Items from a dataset
· · ·

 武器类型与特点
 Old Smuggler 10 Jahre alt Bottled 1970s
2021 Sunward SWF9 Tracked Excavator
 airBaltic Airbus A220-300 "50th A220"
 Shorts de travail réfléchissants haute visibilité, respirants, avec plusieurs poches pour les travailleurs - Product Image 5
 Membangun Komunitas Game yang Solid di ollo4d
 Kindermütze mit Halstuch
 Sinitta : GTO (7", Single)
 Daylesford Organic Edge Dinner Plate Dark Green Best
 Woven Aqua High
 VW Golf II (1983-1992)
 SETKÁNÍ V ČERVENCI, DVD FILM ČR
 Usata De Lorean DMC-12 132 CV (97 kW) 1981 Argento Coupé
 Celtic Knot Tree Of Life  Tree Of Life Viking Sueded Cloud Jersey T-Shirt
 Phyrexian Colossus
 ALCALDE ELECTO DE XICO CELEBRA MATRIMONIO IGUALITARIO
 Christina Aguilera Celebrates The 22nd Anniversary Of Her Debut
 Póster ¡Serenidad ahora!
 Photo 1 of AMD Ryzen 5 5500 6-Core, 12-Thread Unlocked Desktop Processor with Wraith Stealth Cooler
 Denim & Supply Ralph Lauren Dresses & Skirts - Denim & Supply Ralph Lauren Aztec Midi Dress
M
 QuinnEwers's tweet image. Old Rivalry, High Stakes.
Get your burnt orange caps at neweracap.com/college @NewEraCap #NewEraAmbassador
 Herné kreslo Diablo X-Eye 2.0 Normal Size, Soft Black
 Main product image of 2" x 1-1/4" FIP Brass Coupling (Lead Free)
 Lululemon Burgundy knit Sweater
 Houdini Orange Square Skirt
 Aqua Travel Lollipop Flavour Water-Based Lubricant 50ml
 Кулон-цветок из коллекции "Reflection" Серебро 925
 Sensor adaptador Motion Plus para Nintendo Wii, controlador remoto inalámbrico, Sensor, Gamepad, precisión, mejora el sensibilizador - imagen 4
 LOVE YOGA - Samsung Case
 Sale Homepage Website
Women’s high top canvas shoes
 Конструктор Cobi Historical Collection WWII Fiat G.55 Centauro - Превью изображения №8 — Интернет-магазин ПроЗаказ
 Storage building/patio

· · ·

Write out exactly the lines between the start of the entries and the line containing "QuinnEwers's tweet image.", including that line and the first one.

 武器类型与特点
 Old Smuggler 10 Jahre alt Bottled 1970s
2021 Sunward SWF9 Tracked Excavator
 airBaltic Airbus A220-300 "50th A220"
 Shorts de travail réfléchissants haute visibilité, respirants, avec plusieurs poches pour les travailleurs - Product Image 5
 Membangun Komunitas Game yang Solid di ollo4d
 Kindermütze mit Halstuch
 Sinitta : GTO (7", Single)
 Daylesford Organic Edge Dinner Plate Dark Green Best
 Woven Aqua High
 VW Golf II (1983-1992)
 SETKÁNÍ V ČERVENCI, DVD FILM ČR
 Usata De Lorean DMC-12 132 CV (97 kW) 1981 Argento Coupé
 Celtic Knot Tree Of Life  Tree Of Life Viking Sueded Cloud Jersey T-Shirt
 Phyrexian Colossus
 ALCALDE ELECTO DE XICO CELEBRA MATRIMONIO IGUALITARIO
 Christina Aguilera Celebrates The 22nd Anniversary Of Her Debut
 Póster ¡Serenidad ahora!
 Photo 1 of AMD Ryzen 5 5500 6-Core, 12-Thread Unlocked Desktop Processor with Wraith Stealth Cooler
 Denim & Supply Ralph Lauren Dresses & Skirts - Denim & Supply Ralph Lauren Aztec Midi Dress
M
 QuinnEwers's tweet image. Old Rivalry, High Stakes.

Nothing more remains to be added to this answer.